PHOENIX — Taxi and rideshare companies are squaring off as the Arizona Legislature mulls a bill that would give rideshares an exception from certain regulations.
“Arizona really is the most free and open for-hire transportation market anywhere in the country today,” said Mike Pinckard, president of Gilbert, Ariz.-based Discount Cab. “Anybody can come into this market with as many vehicles, as many drivers (as they want). There’s no limits on rates, there’s very few consumer protections and safety protections required to operate in this market. Anybody can be here.”
The issue at hand, according to Pinckard, comes down to a regulation that requires cab companies such as Discount to carry certain insurance at all times. If House Bill 2262 is approved, rideshare services, such as Uber and Lyft, would be exempt from that requirement.

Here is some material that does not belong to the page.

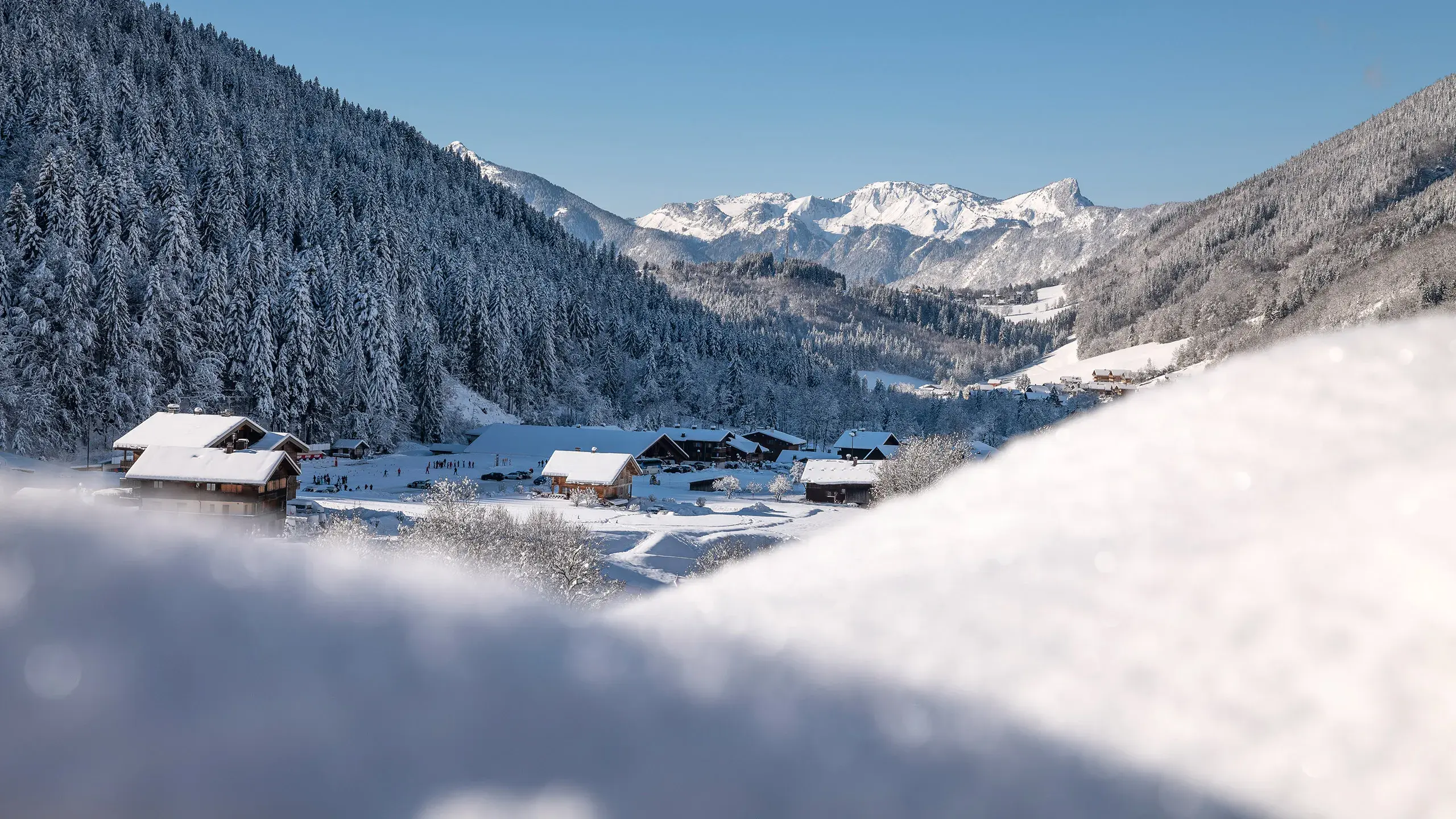 Vue depuis un balcon des Chalets de Joy au Grand-Bornand en hiver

“They’re simply not buying insurance on the vehicles as required by the law,” he said. “That’s all this is about.”
However, HB 2262 would require services such as Uber to carry a $1 million policy and conduct background checks, something the rideshare company said it already does.

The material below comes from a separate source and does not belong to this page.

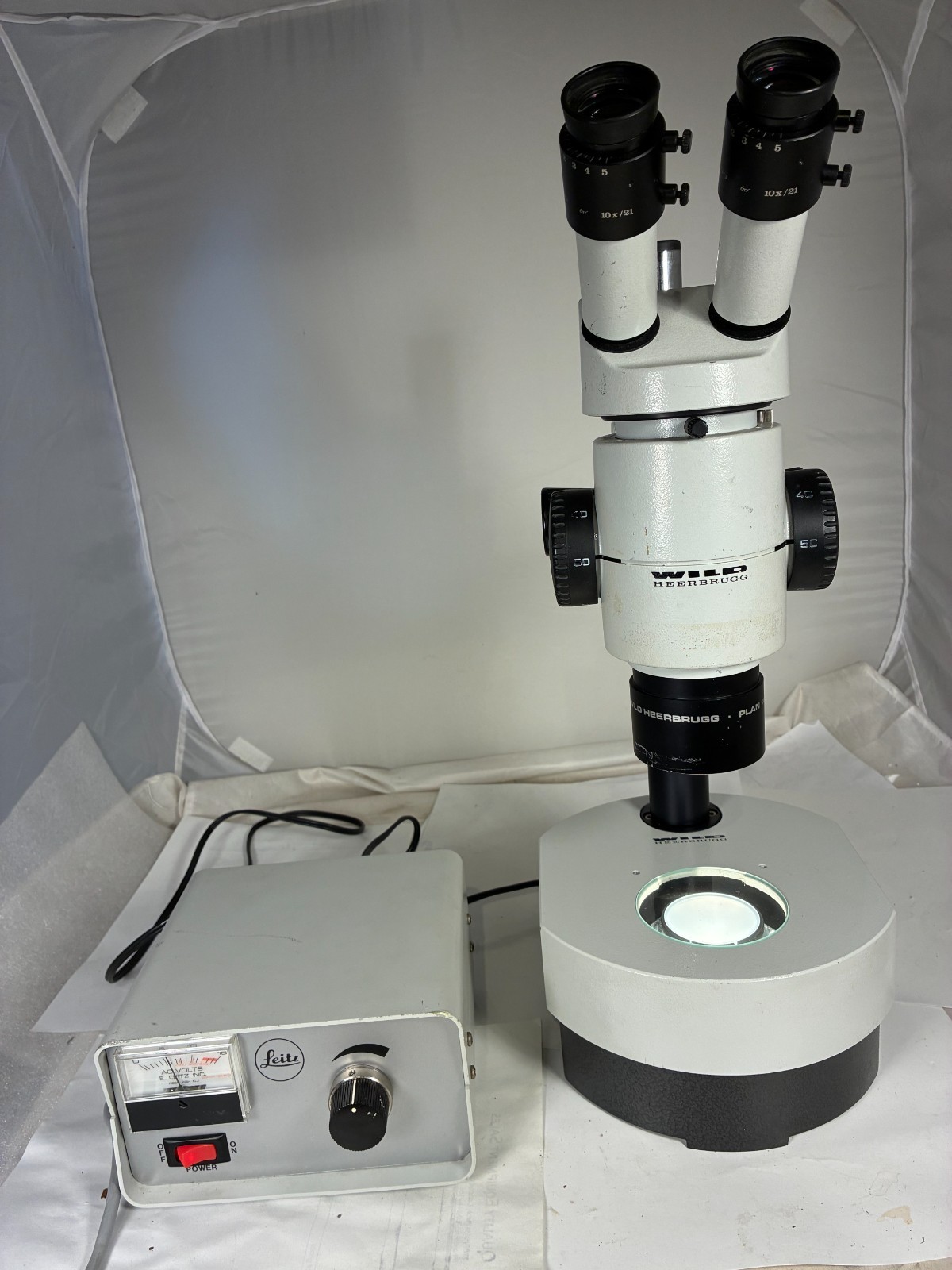 WILD M8 MICROSCOPE with 10x eyepieces, Wild transmitted light base, transformer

“From the moment that a rider enters the vehicle through the end of that trip, there is $1 million in insurance coverage per incident,” said Uber spokesperson Nairi Hourdajian. “In addition, that $1 million extends to uninsured and underinsured drivers as well, meaning that no matter who is at fault, there is coverage in place.”
Hourdajian also said Uber requires drivers to pass a comprehensive background check that includes both a criminal and driving history along with a sex offender screening.
So what is the argument really about? According to Hourdajian, it’s about fear of competition.
“This is really about that the taxi industry has been underserving Arizonans for decades and Uber is different,” she said. “Uber is different because Arizonans can get a ride when they want one. It’s different because drivers who are utilizing the Uber platform…are making better money.”